What frustrates her most is the lack of information. The Canadian government does not know where he's being detained.

Ambra Dickie, a Foreign Affairs spokesperson, said yesterday there are ongoing communications between the Canadian government and the Chinese government regarding Celil. Canada has formally requested information on Celil's exact whereabouts and is seeking immediate consular access.

"We continue to make every effort to confirm Mr. Celil's well-being and to ensure he is afforded due process and that his rights are protected, she said. "Chinese authorities continue to maintain that they will not seek the death penalty."

Dickie said Foreign Affairs Minister Peter MacKay is following the case very closely.

Telendibaeva's Hamilton lawyer, Chris MacLeod, said Prime Minister Stephen Harper needs to send a special envoy to Beijing whose sole mission is to deal with the Celil case. MacLeod also thinks Canada should send a strong message by recalling its ambassador to China.

MacLeod said China has failed to meet its obligations under the Geneva Convention, including consular access, telling Canada what the charges are against Celil, and ensuring that there is a fair trial if the charges are legitimate.

Canada gave Celil refugee status to protect him from his persecutors, but now he's in their hands, the lawyer said. "They scooped him from a third country while he was travelling on a Canadian passport ... In light of China's track record, you cannot help but be concerned."

McMaster University professor John Colarusso considers Celil's chances of surviving are "pretty slim." Colarusso said the Uygur separatist movement is fairly strong in western China and China might execute Celil as an example, although that would make him a martyr for the Uygurs. Some countries don't care about Canadian passports if a person has dual citizenship, he said.

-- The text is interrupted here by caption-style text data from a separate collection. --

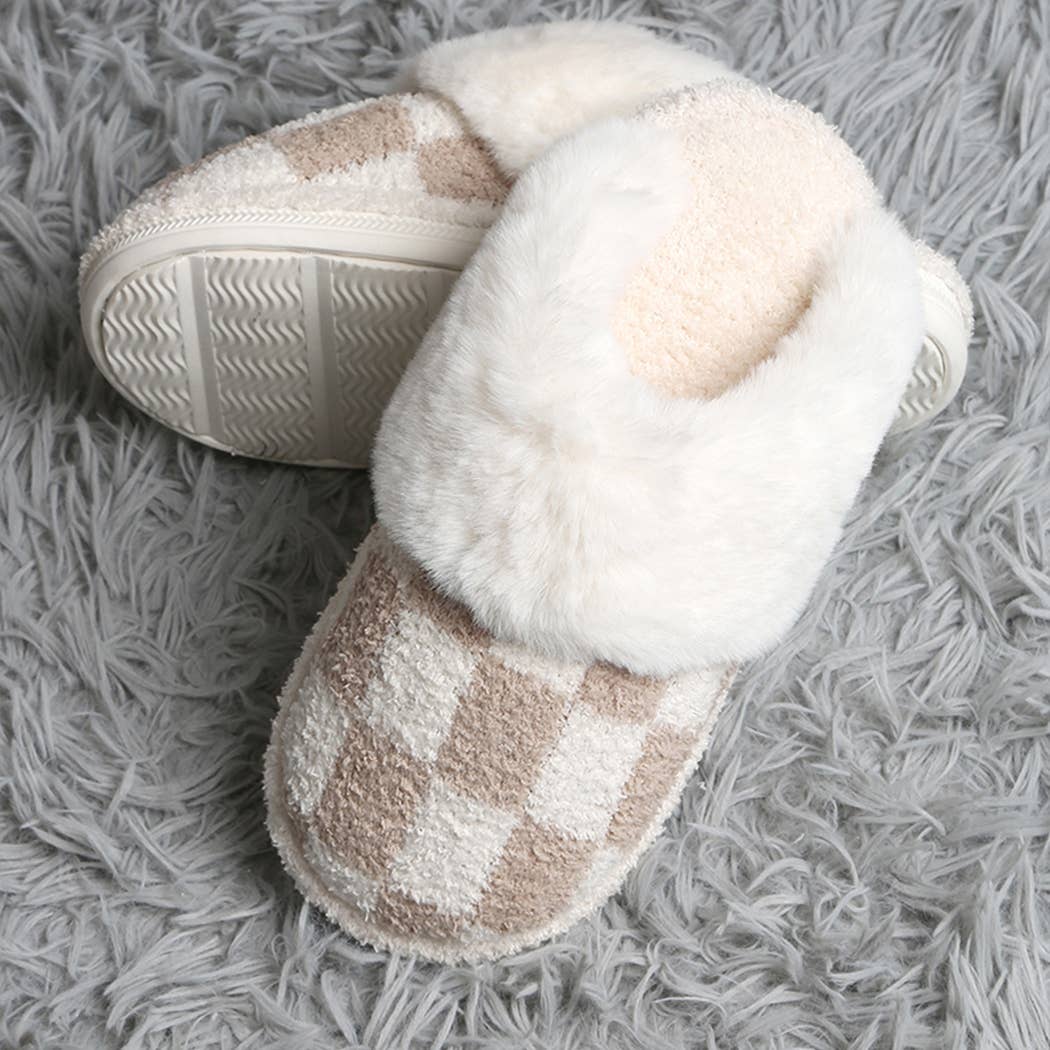 Checkered Faux Fur Cuff Mule Luxury Soft Slipper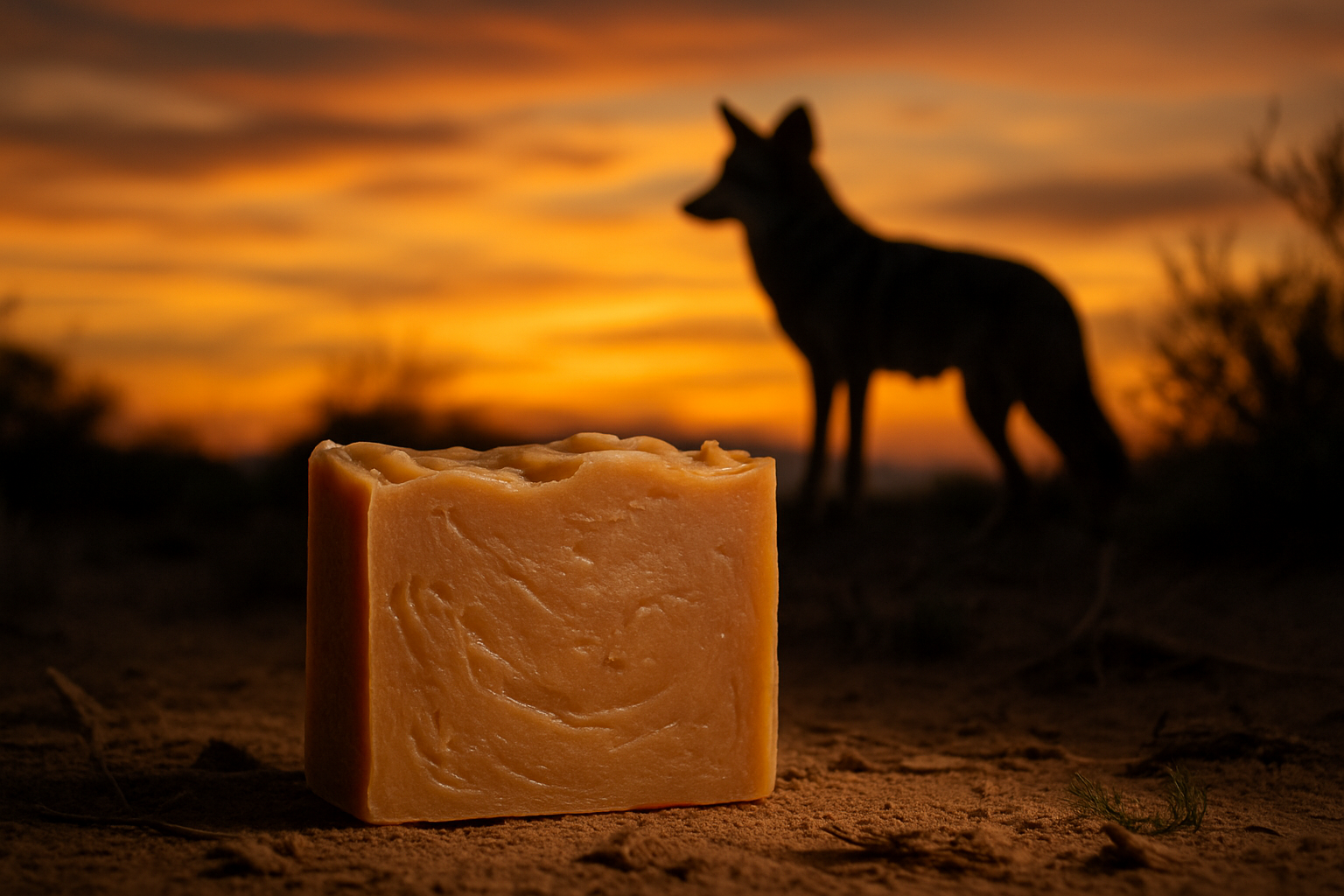 Evening scene, light brown handmade bar soap with coyote in background 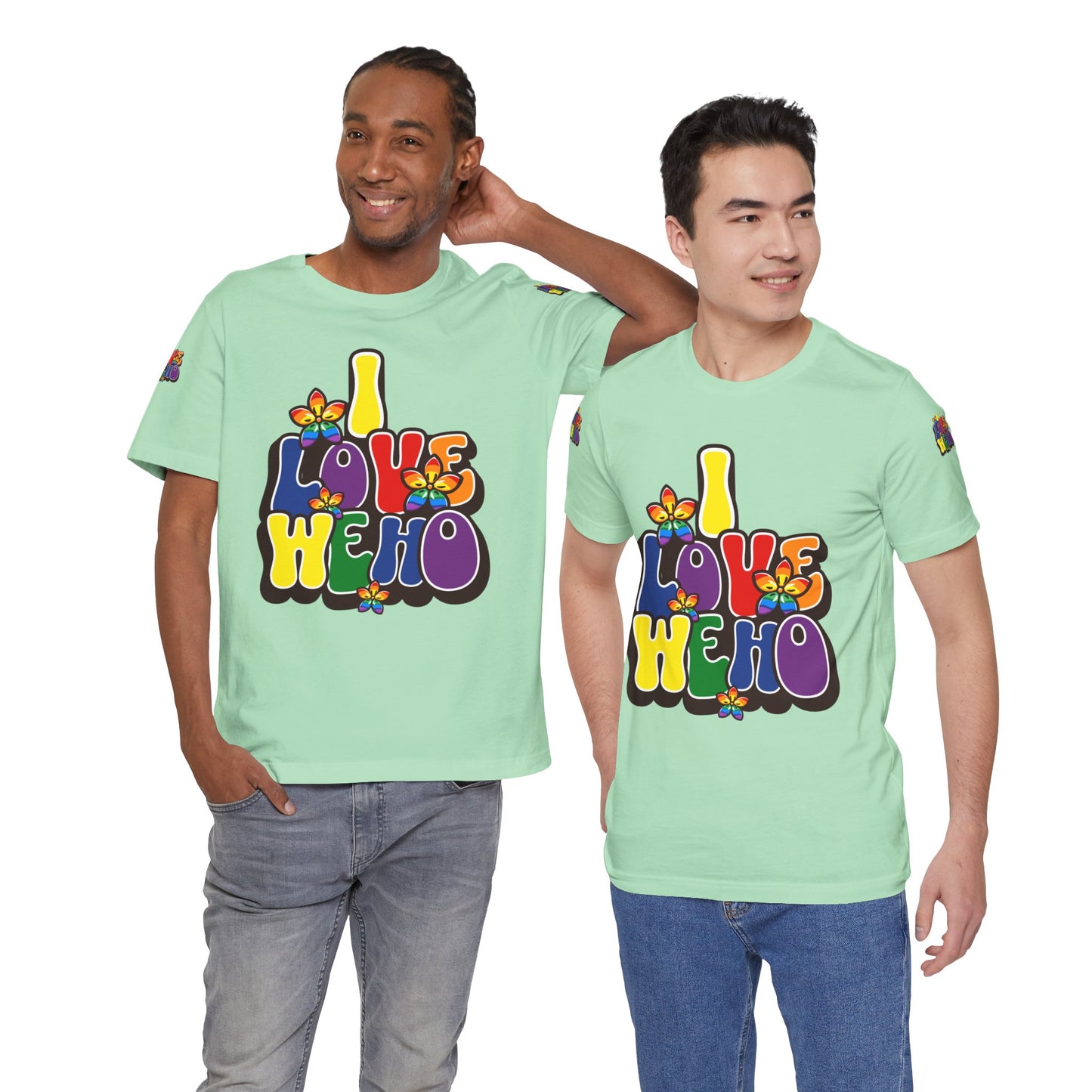 Colorful LGBTQ+ Love Short Sleeve Tee, Pride T-Shirt, I Love WeHo, Pride Festival Merchandise, Gift for Friends, Unisex Graphic Tee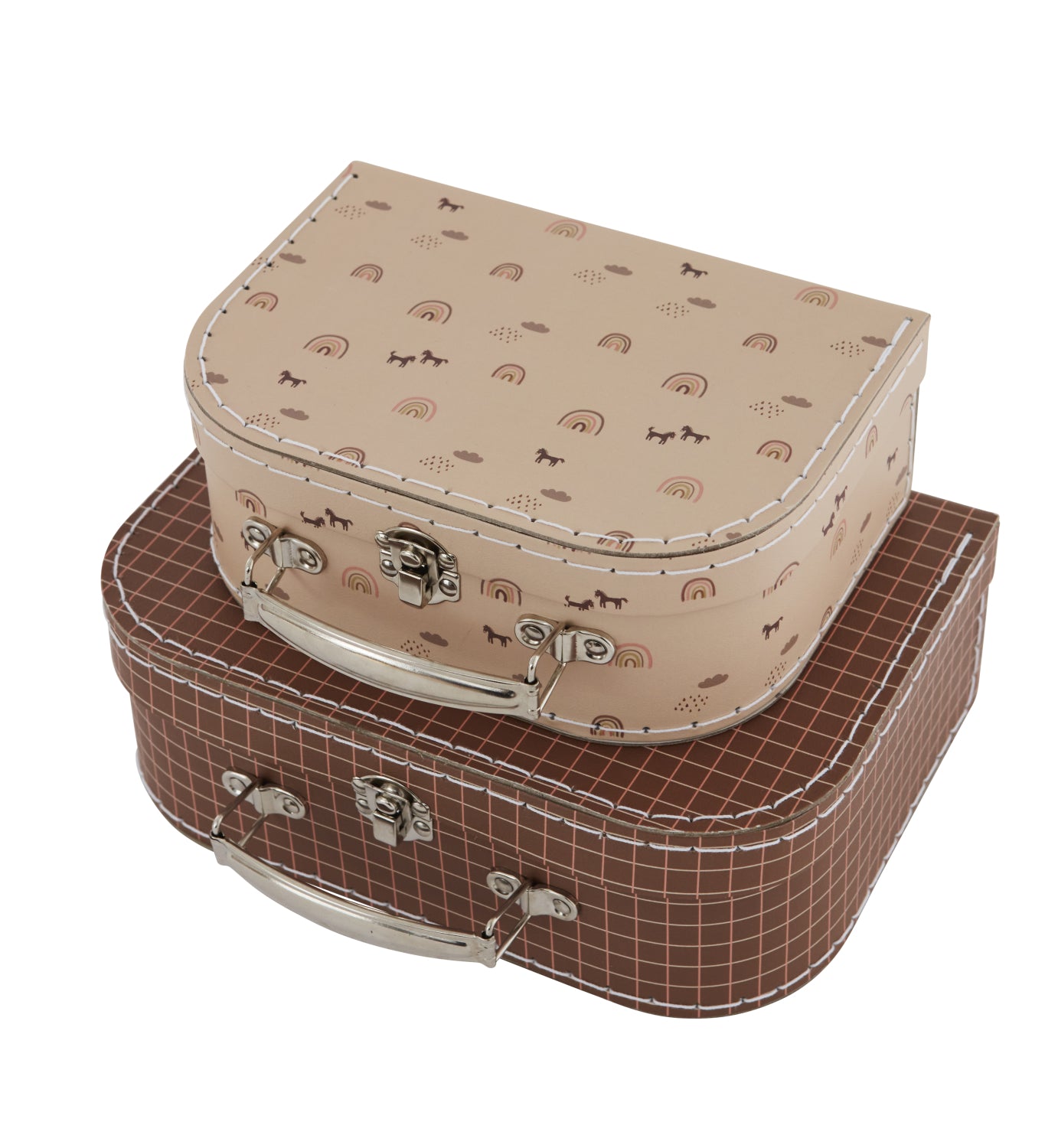 OYOY Mini Suitcase Rainbow & Grid 2pk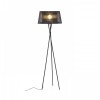 BOULOGNE Stojací lampa, trojnožka, základna kov, povrch černá, stínítko textil černá, pro žárovku 1x28W, E27, A60, 230V, IP20, tř.2, rozměry d=550mm, h=1785mm, vč vypínače na kabelu náhled 1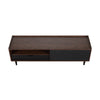 Manhattan Comfort Duane 59.25" Modern Ribbed TV Stand - Dark Brown & Black|Meuble pour téléviseur moderne Duane de Manhattan Comfort de 59,25 po avec cannelures - brun foncé et noir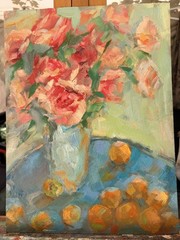 Original Painting pink rose Art Impressionistic Oil 10x 16 inch
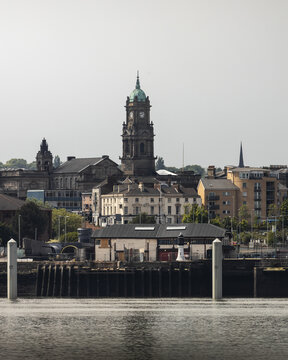Looking across to Birkenhead from Liverpool, United Kingdom.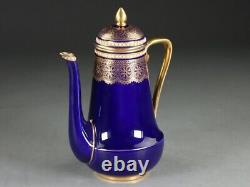 Rare Royal Worcester Japonisme Jewel & Cobalt Gold Coffee Set withOriginal Case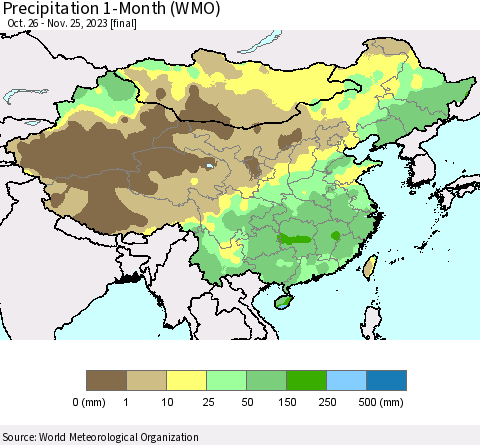 China, Mongolia and Taiwan Precipitation 1-Month (WMO) Thematic Map For 10/26/2023 - 11/25/2023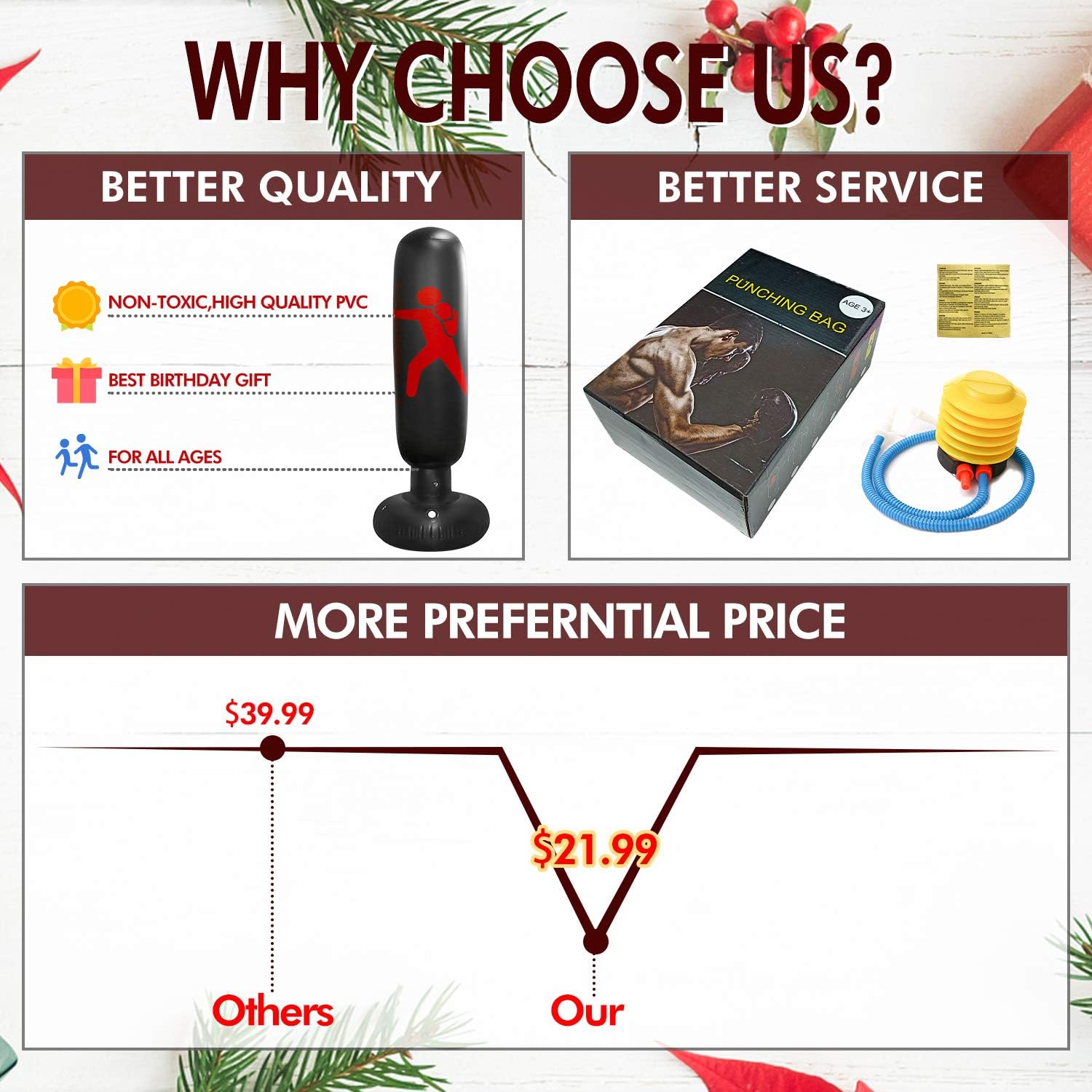 OXYVAN Inflatable Punching Bag for Kids 63 Inch Punching Bag with Stand Freestanding Punching Bag Heavy Duty for Boxing Practicing Karate Training for Youth & Adult Indoor & Outdoor, Black : Sports & Outdoors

Telendibaeva said Celil doesn't have a Chinese passport because China doesn't give them to Uygurs, and that he did not know it would be dangerous to visit Uzbekistan.

Beth Berton-Hunter, an Amnesty International spokesperson, said the organization has put out an Urgent Action call.

It is urging human rights supporters everywhere to appeal to Chinese authorities on Celil's behalf, including faxing the ambassador to Canada, Lu Shumin (613-789-1911).

Amnesty International says the death penalty is used extensively and often arbitrarily in China.

At least 1,770 people were executed and 3,900 sentenced to death last year. Amnesty International has documented several cases of Uygurs being executed for alleged separatist or terrorist activities.





1998 -- Huseyin Celil flees China for Uzbekistan and later Turkey.

2001 -- Huseyin Celil and his wife Kamila Telendibaeva arrive in Canada as political refugees.

2005 -- They receive Canadian citizenship.

March 27, 2006 -- Celil arrested in Uzbekistan.

June 2006 -- Celil quietly deported to China from Uzbekistan.

August 2006 -- Unconfirmed reports that Celil will be executed Aug. 10.